Now, I'm not a diesel mechanic, nor am I going to start pretending to be one, and I by no means know what the inner workings, adjustment nuts on a 244 fuel pump are like...
However, let me ask this question. Are sockets not the same as wrench heads? Would a ratchet and socket setup work in this situation?
ATK mentions that wrenches are too thick to fit into the window, so I'm not sure if your clearance problem is due to the space between the bolt and a "wall" down a "shaft," or if it's a matter of there not being enough space for a wrench to sit square on the bolt and be able to torque the wrench to make your adjustment.

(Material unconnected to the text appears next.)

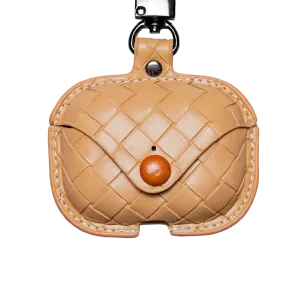 Woven Pattern Leather AirPods Case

Another trick, if you don't mind buying a new wrench, is something I saw on "American Hot Rod." One of the mechanics in the shop couldn't get the wrench to fit in the tight space between the engine and wheel well of a '65 mustang, so he went to the workbench, and gripped the open end in a vice. He then took an Oxy-Acetaline torch and heated the "neck" closest to the head and bent the wrench to fit the angle of the bolt in the engine compartment. If you want to do that, just remember to watch your heat, so you don't undo the temper of the steel.
Just thinking you could "modify" a tool to better fit the situation, if a "specialty" tool for said adjustment doesn't already exist. (At least, if you made one, then you'd have it around for future adjustments!)
So, Paul, I don't know if I helped you by "thinking outside the box," or if I've just been an annoyance. Like I said, I have no clue what a fuel pump on a 244 (or any locomotive for that matter) looks like. Just wish we were sitting at a bar with a pen and a piece of paper...
Anyway, good luck on the adjustments, and sorry if I've been more of a hinderance than a help.